Yet it was family dishes like fish soups and Chicken Kiev that he really looked forward to. His family also had some classic cook books by great chefs like Robert Carrier. “I remember my mum making some delicious stews and casseroles with rough cuts of meat.” 

Fortunately being in a house that was often full of sugary delights didn’t give Andy a great sweet tooth. “I never really took much notice of my mum’s cakes and to be honest becoming a chef when you grew up wasn’t inspiring back then. When I give talks at school assemblies now, everything has changed and children have a much greater interest in foods from around the world.  I love their curiosity too and how they get excited when I show them that pancakes don’t just have to have sweet fillings.” 

Andy now has a 10 year old daughter and 6 year old son who spend a lot of time in his restaurant kitchen watching him cook. “They love growing herbs and both go to an eco-school where they learn about foraging and often explore the countryside for ingredients”.  

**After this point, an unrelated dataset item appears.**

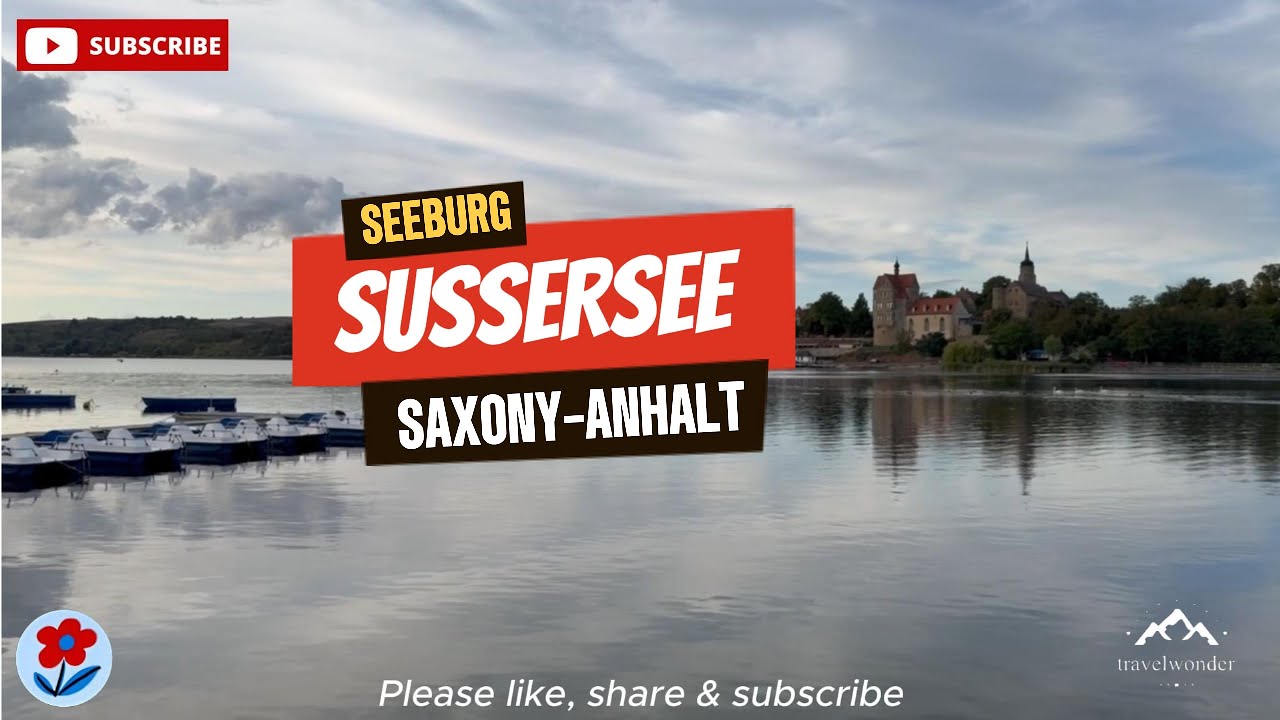 Sußersee | Saxony Anhalt | Germany 🇩🇪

Andy’s busy kitchen means his children naturally see and taste lots of different foods.  When asked about how to get fussy children to eat: “The secret is to make your dishes look appealing and not spend too much time explaining to very young children what’s in each dish, as they may pick out what they don’t like. If they are part of making the dish, even if that’s just stirring or weighing ingredients, they’re much more likely eat all sorts of food.  Vegetable lasagne is an easy way to introduce healthy green vegetables like kale into children’s diets”.